Le pape, craignant les visées expansionnistes du Saint-Empire, craignait alors
une annexion pure et simple de l'Etat pontifical.
Outre la France et les Etats de l'Eglise, la ligue réunit Milan,
Venise, Gênes et Florence.
Charles Quint décida de réagir vivement. Toutefois, en
butte à une menace interne (soulèvements luthériens) et à une menace externe
(expansion ottomane), il n'engagea pas directement ses forces propres.
De fait, Charles Quint excita la puissante famille romaine des
Colonna, ennemie des Medicis de Florence. Colonna lança sa milice
personnelle dans la ville pontificale et la ravagea (20 septembre 1526).
En difficulté, Clément VII réclama l'aide de Charles Quint,
en échange de la promesse de quitter l'alliance conclue avec la
France. Comme par enchantement, Colonna battit en retraite vers
Naples. Point dupe, une fois la menace passée, le pape rompit le traité
avec l'Empire et en revint à l'alliance française.
Charles Quint trouva là le prétexte recherché pour intervenir
contre l'Etat pontifical.
Charles de Bourbon fut envoyé contre Rome le 20 avril 1527, à la
tête d'une armée estimée à 35.000 hommes.

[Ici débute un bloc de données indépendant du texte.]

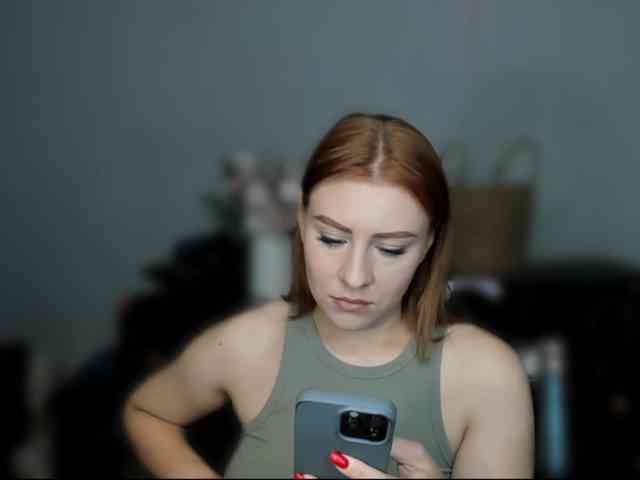 RedheadDevil webcam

L'expédition fut favorisée par
une série de troubles au sein de la Ligue (insurrection de Florence contre les
Medicis,...).
5.000 hommes de troupes défendaient la ville de Rome mais
ceux-ci bénéficiaient de la protection de solides remparts. Charles se vit
donc contraint à une victoire rapide, sous peine d'être mis en difficulté par
une armée de secours envoyée par la ligue.